BEGIN Information shown

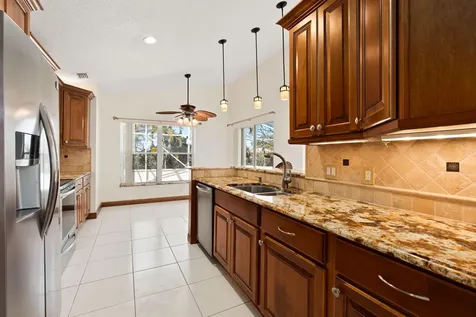 101 Sw Pisces Terrace Port Saint Lucie FL 34984
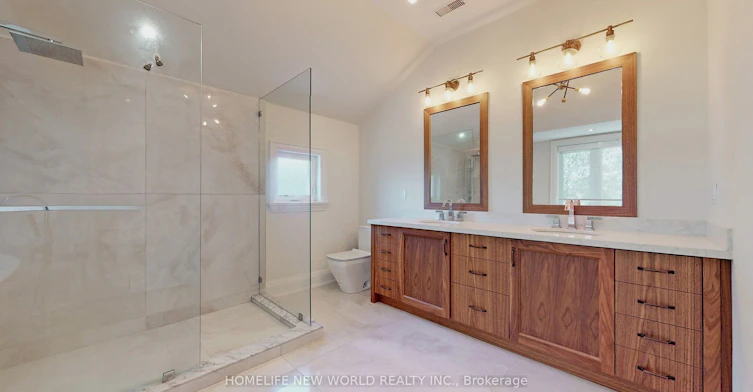 302 Johnston Avenue, Toronto, ON, M2N 1H7 - 29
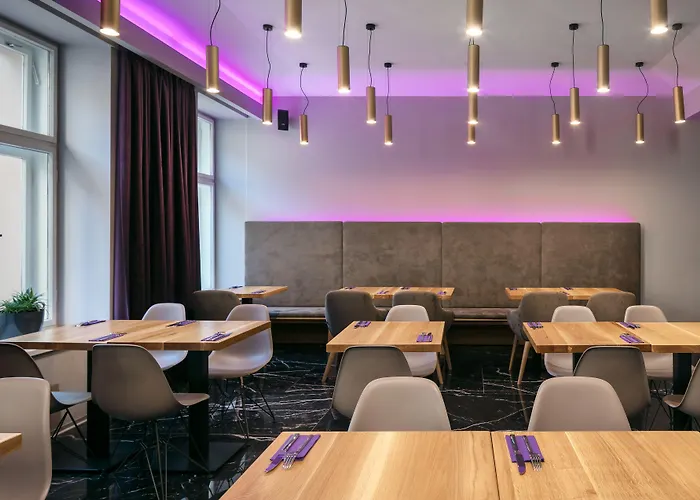 Hotel Moods Charles Bridge 4*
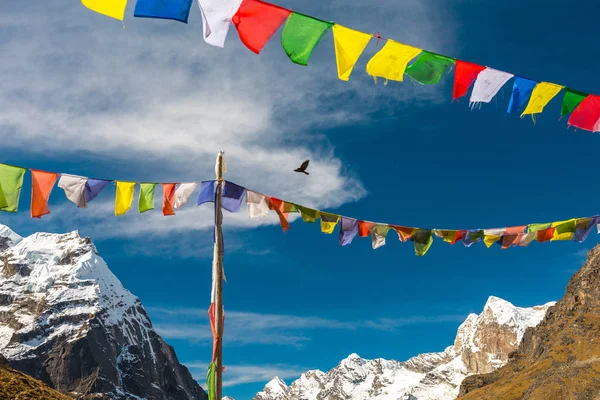 Nepalese Prayer Flags in Mountains — Stock Image Nepalese Prayer Flags in Mountains Royalty Free Stock Photos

END Information shown

### Try it
Your task is to copy word for word the lines from the line containing "Hotel Moods Charles Bridge 4*" to the end of the listing, both included, and to drop any pictures.

### Response box
 Hotel Moods Charles Bridge 4*
 Nepalese Prayer Flags in Mountains — Stock Image Nepalese Prayer Flags in Mountains Royalty Free Stock Photos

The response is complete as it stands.